● **Instructions to follow**: Could you restate the entries word for word, without the images?

● **Supplied entries**:
■ ■ ■ ■
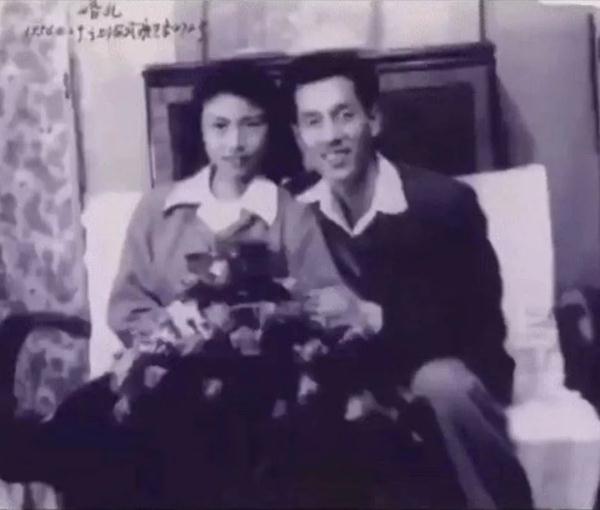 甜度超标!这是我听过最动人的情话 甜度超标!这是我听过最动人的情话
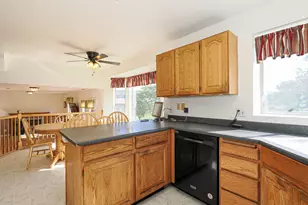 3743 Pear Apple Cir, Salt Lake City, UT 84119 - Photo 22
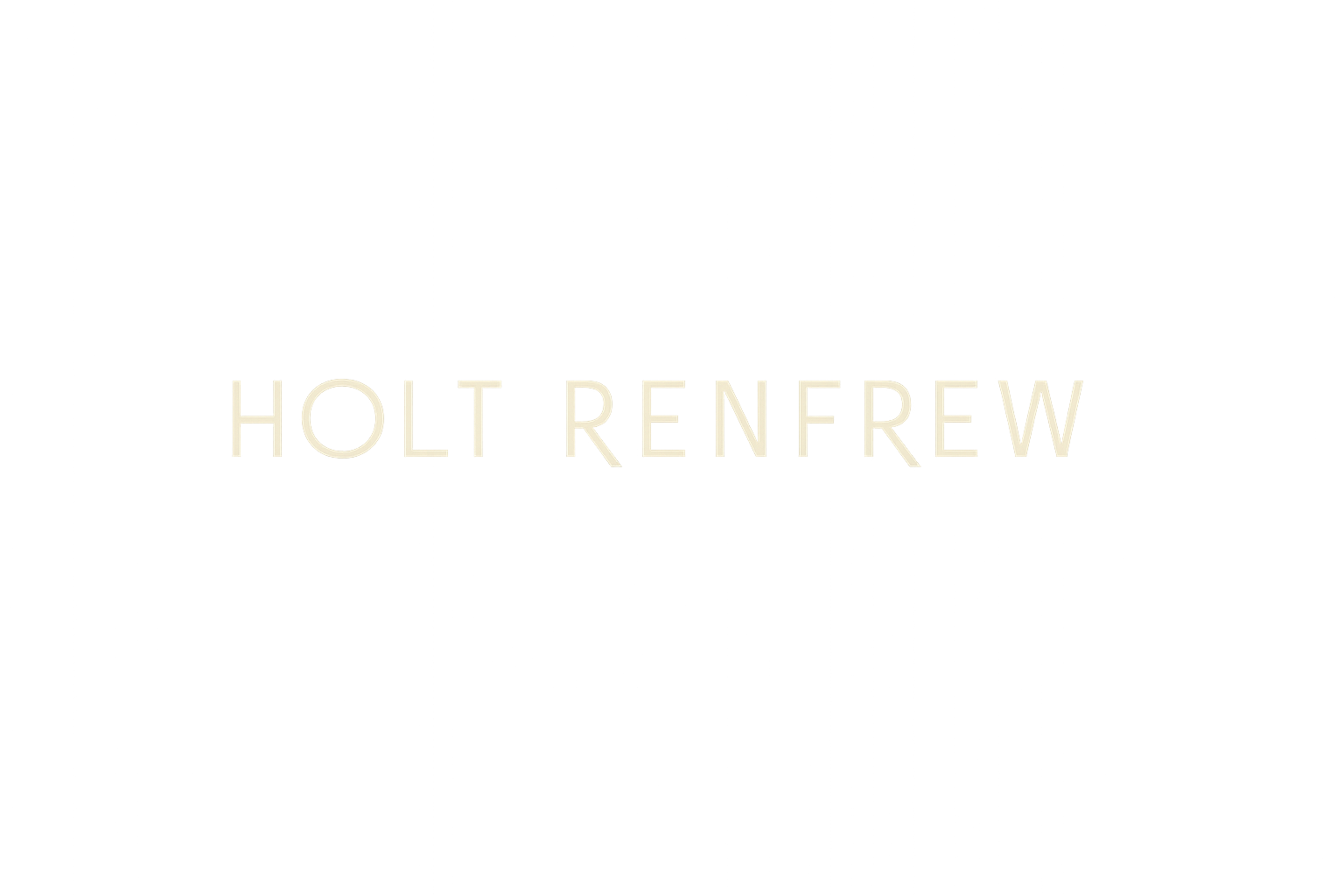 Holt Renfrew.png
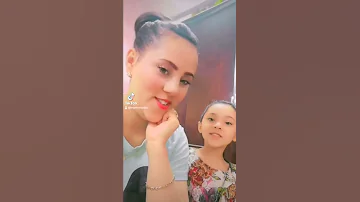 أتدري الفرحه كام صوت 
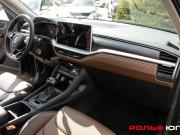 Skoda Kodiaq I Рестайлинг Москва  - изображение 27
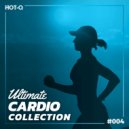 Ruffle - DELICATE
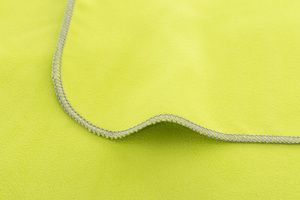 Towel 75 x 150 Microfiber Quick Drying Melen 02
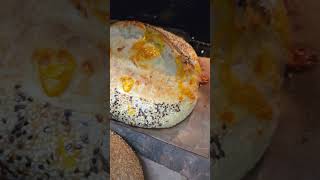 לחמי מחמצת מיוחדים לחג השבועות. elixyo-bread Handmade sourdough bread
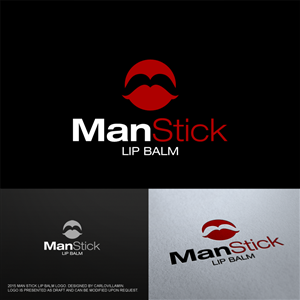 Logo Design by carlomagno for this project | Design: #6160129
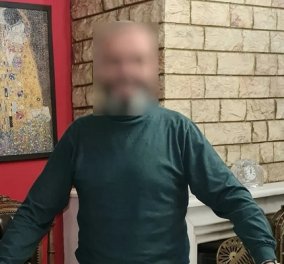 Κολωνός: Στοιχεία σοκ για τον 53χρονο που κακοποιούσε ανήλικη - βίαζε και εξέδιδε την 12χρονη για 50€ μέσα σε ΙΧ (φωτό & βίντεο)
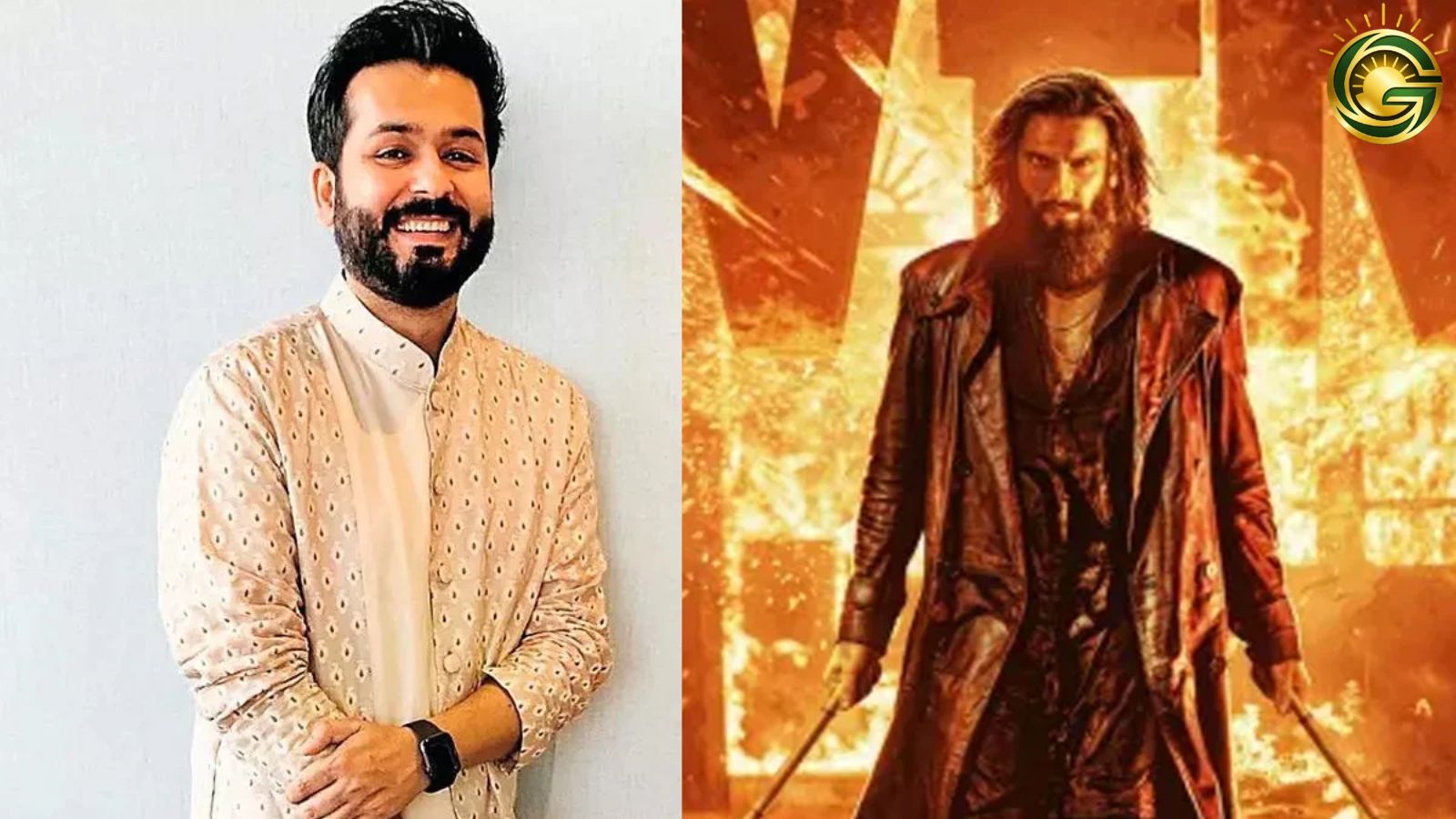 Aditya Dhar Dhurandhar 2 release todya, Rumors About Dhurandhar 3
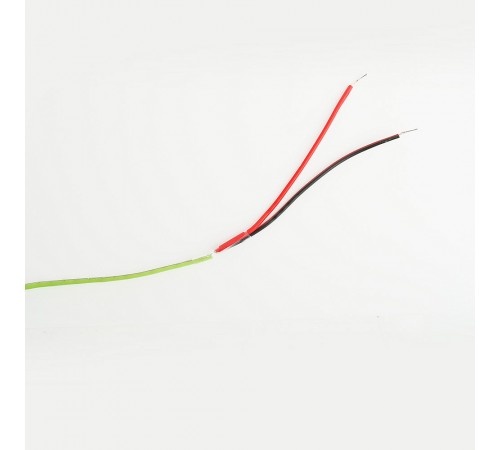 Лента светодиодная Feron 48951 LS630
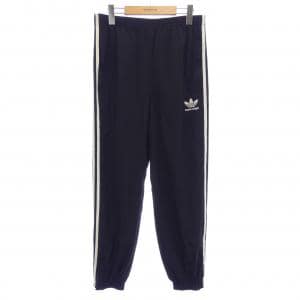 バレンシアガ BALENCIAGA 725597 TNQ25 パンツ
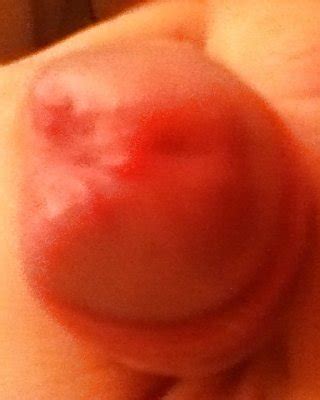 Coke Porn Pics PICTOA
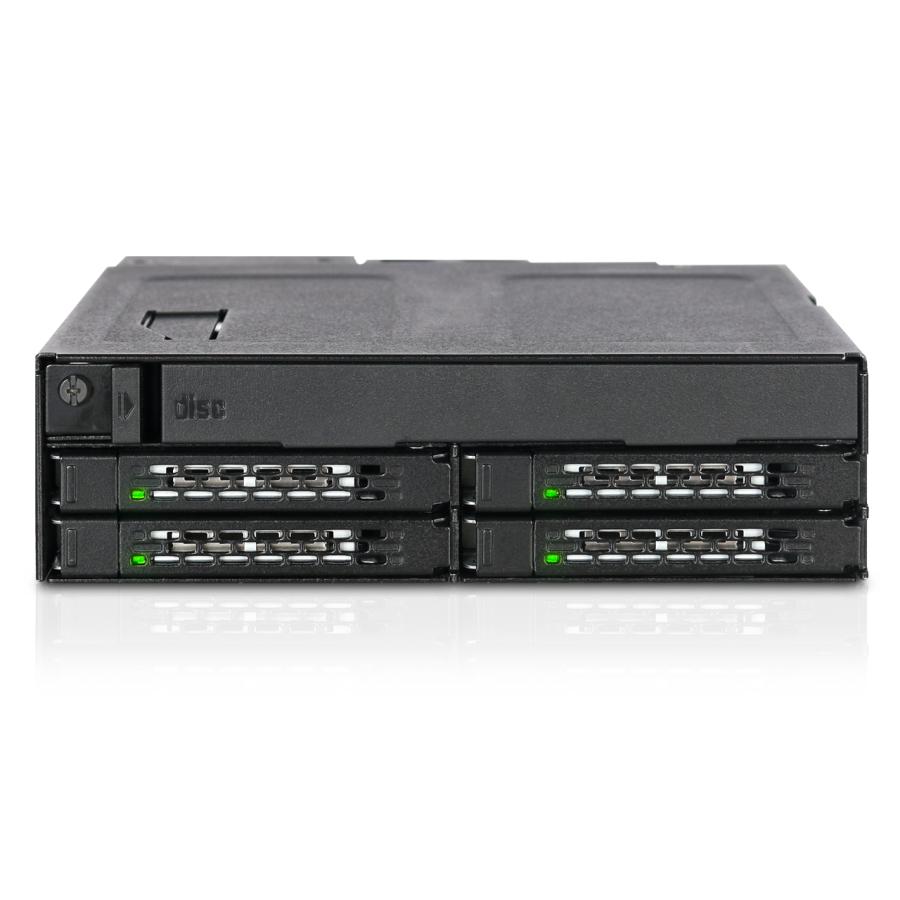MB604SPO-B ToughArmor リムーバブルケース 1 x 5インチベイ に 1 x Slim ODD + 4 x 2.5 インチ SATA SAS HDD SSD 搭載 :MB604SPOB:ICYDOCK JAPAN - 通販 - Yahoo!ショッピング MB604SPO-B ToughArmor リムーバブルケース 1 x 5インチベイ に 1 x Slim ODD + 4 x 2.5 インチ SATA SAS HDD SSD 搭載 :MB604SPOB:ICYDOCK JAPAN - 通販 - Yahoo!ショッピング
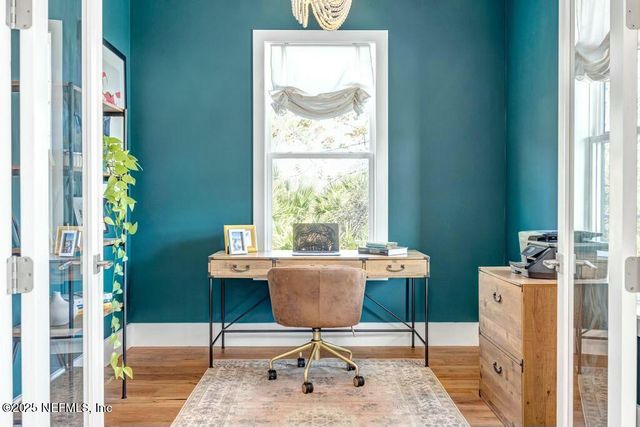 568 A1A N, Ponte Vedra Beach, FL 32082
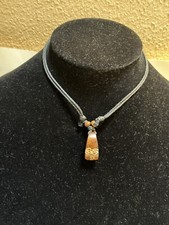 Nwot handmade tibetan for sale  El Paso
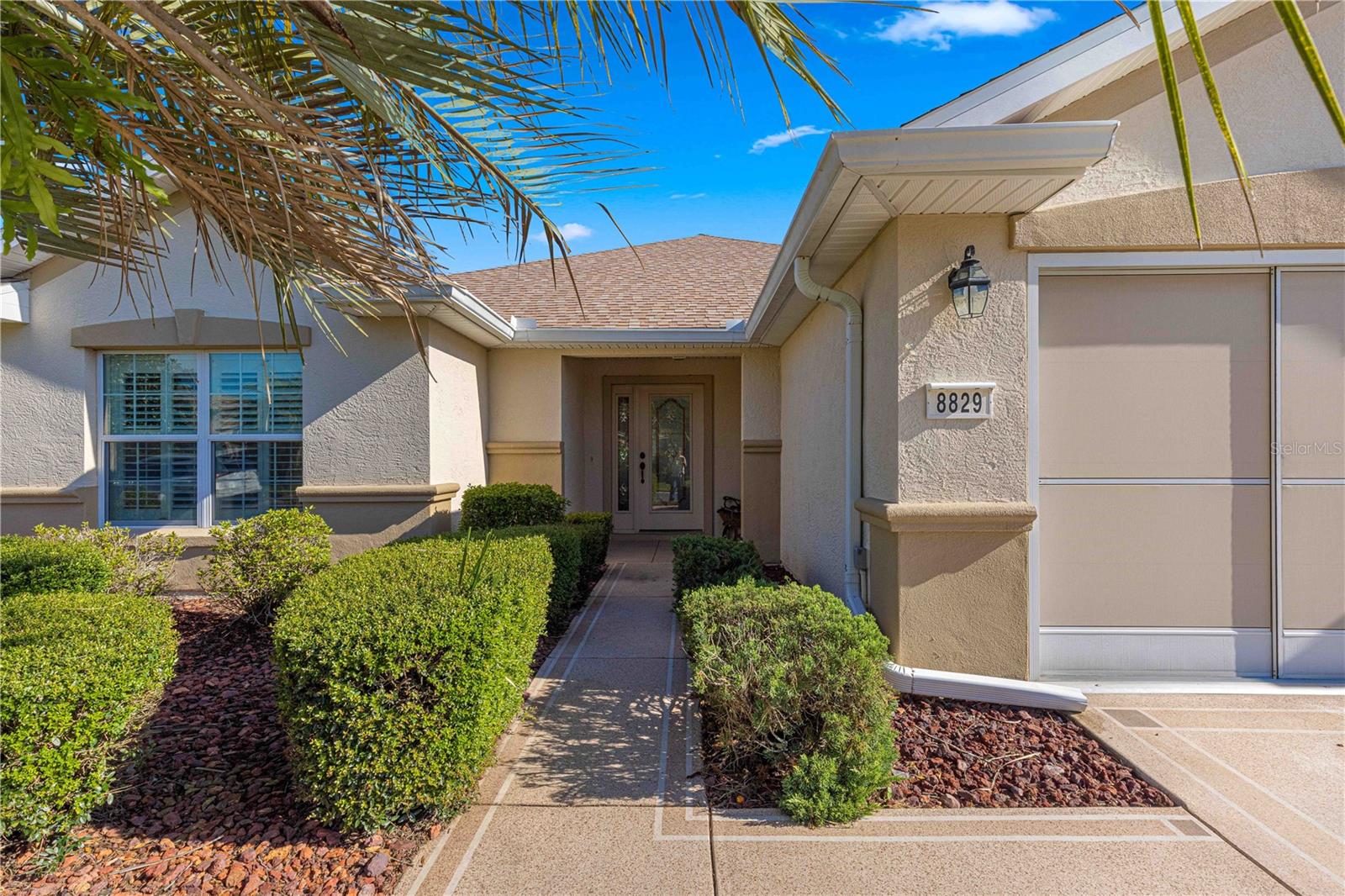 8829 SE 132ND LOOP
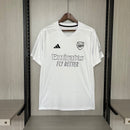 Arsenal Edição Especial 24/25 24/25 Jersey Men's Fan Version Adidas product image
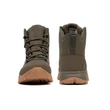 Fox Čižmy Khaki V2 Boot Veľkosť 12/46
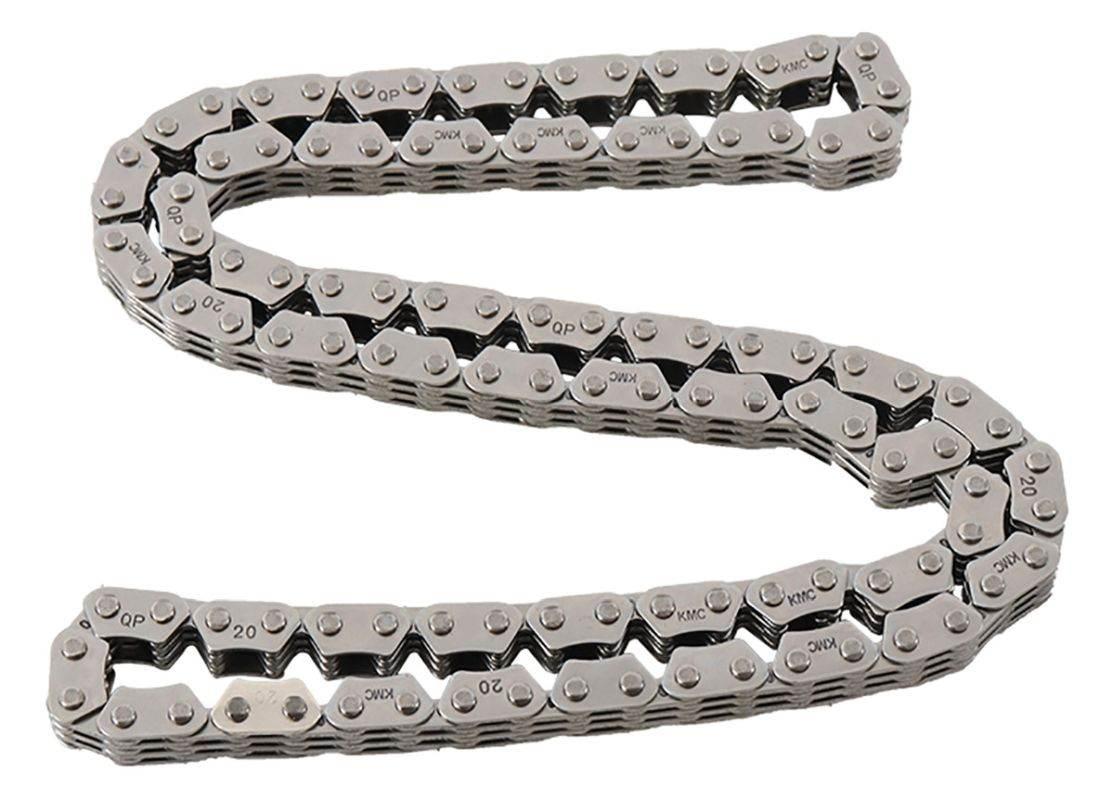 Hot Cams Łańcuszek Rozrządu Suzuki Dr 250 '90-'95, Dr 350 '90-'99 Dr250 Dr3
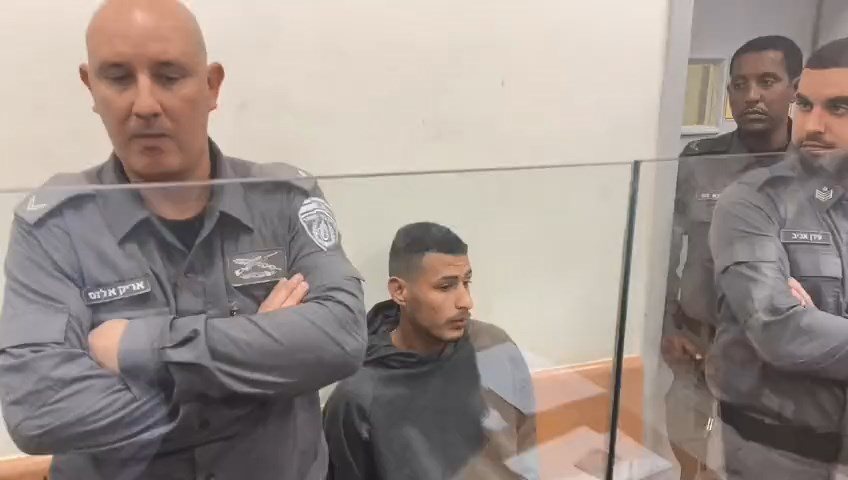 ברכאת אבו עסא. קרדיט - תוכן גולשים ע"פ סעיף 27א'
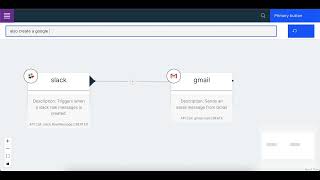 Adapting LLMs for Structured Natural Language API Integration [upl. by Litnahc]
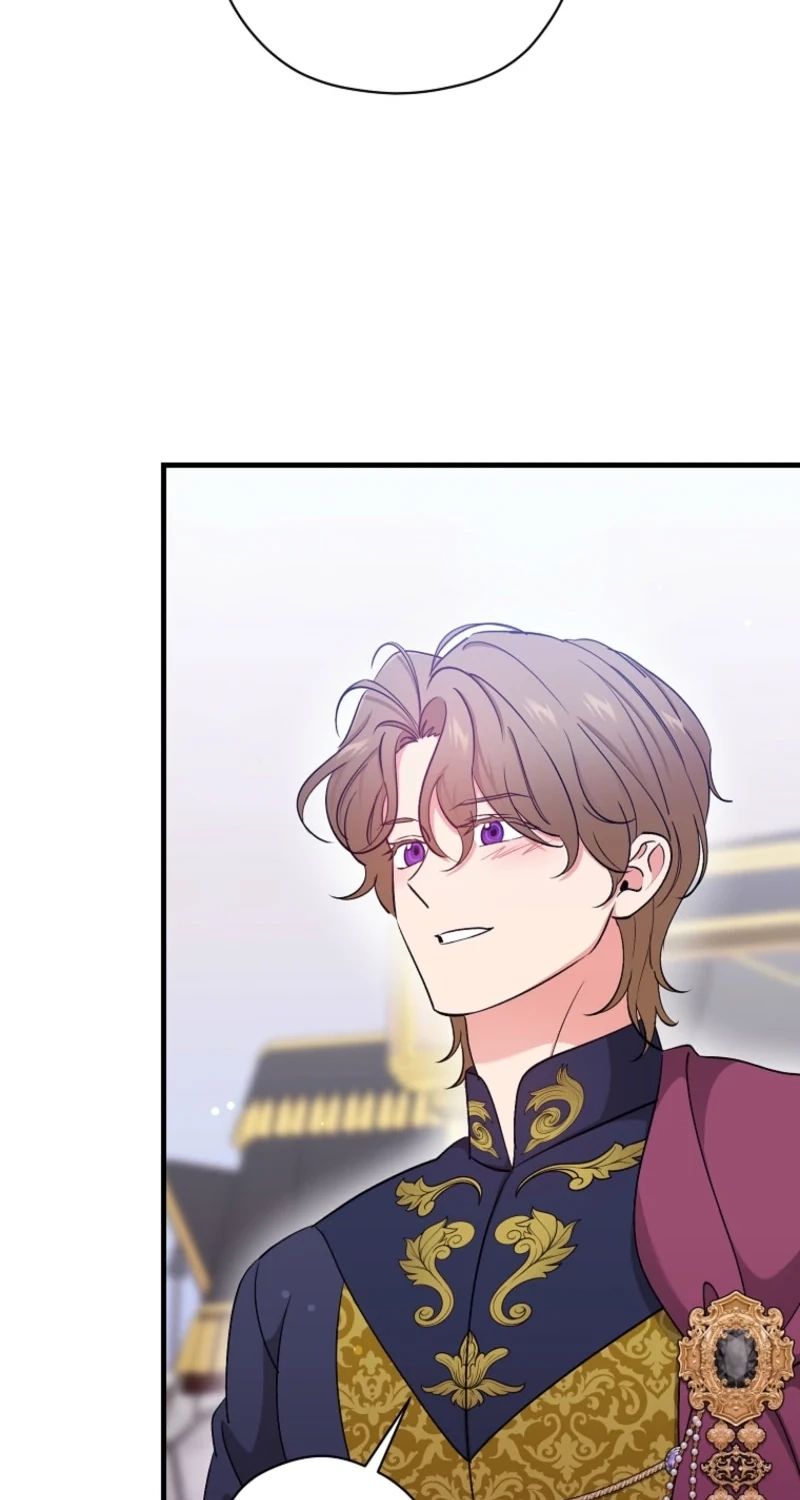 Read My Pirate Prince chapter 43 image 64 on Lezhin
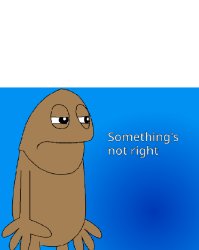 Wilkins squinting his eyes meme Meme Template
■ ■ ■ ■
● **Solution to the exercise**:
 甜度超标!这是我听过最动人的情话 甜度超标!这是我听过最动人的情话
 3743 Pear Apple Cir, Salt Lake City, UT 84119 - Photo 22
 Holt Renfrew.png
 أتدري الفرحه كام صوت 
 Skoda Kodiaq I Рестайлинг Москва  - изображение 27
 Ruffle - DELICATE
 Towel 75 x 150 Microfiber Quick Drying Melen 02
 לחמי מחמצת מיוחדים לחג השבועות. elixyo-bread Handmade sourdough bread
 Logo Design by carlomagno for this project | Design: #6160129
 Κολωνός: Στοιχεία σοκ για τον 53χρονο που κακοποιούσε ανήλικη - βίαζε και εξέδιδε την 12χρονη για 50€ μέσα σε ΙΧ (φωτό & βίντεο)
 Aditya Dhar Dhurandhar 2 release todya, Rumors About Dhurandhar 3
 Лента светодиодная Feron 48951 LS630
 バレンシアガ BALENCIAGA 725597 TNQ25 パンツ
 Coke Porn Pics PICTOA
MB604SPO-B ToughArmor リムーバブルケース 1 x 5インチベイ に 1 x Slim ODD + 4 x 2.5 インチ SATA SAS HDD SSD 搭載 :MB604SPOB:ICYDOCK JAPAN - 通販 - Yahoo!ショッピング MB604SPO-B ToughArmor リムーバブルケース 1 x 5インチベイ に 1 x Slim ODD + 4 x 2.5 インチ SATA SAS HDD SSD 搭載 :MB604SPOB:ICYDOCK JAPAN - 通販 - Yahoo!ショッピング
 568 A1A N, Ponte Vedra Beach, FL 32082
 Nwot handmade tibetan for sale  El Paso
 8829 SE 132ND LOOP
 Arsenal Edição Especial 24/25 24/25 Jersey Men's Fan Version Adidas product image
 Fox Čižmy Khaki V2 Boot Veľkosť 12/46
 Hot Cams Łańcuszek Rozrządu Suzuki Dr 250 '90-'95, Dr 350 '90-'99 Dr250 Dr3
 ברכאת אבו עסא. קרדיט - תוכן גולשים ע"פ סעיף 27א'
 Adapting LLMs for Structured Natural Language API Integration [upl. by Litnahc]
 Read My Pirate Prince chapter 43 image 64 on Lezhin
 Wilkins squinting his eyes meme Meme Template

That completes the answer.